Without the pictures, output all of the data exactly.

● **GIVEN MATERIAL**
--------------------

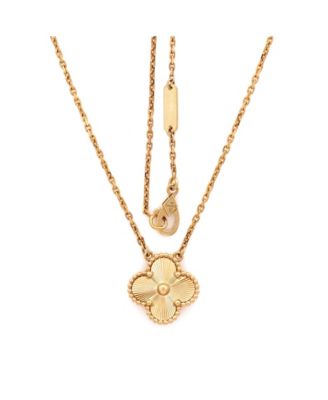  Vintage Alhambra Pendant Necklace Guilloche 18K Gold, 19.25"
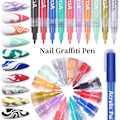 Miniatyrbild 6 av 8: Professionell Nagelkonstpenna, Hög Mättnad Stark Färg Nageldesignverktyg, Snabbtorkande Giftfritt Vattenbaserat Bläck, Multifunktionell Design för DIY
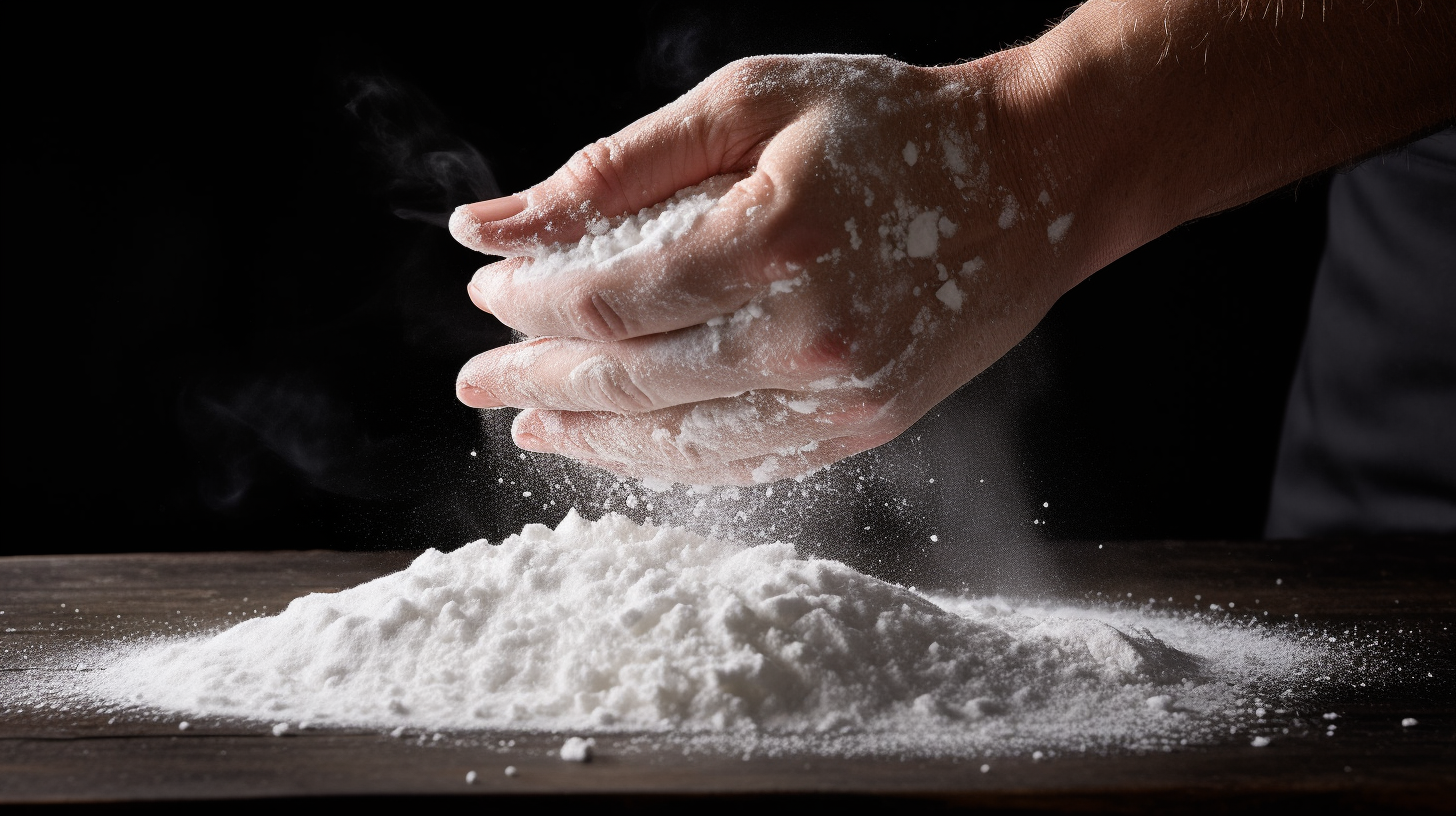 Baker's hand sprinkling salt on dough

--------------------

● **EXERCISE RESPONSE**
  Vintage Alhambra Pendant Necklace Guilloche 18K Gold, 19.25"
 Miniatyrbild 6 av 8: Professionell Nagelkonstpenna, Hög Mättnad Stark Färg Nageldesignverktyg, Snabbtorkande Giftfritt Vattenbaserat Bläck, Multifunktionell Design för DIY
 Baker's hand sprinkling salt on dough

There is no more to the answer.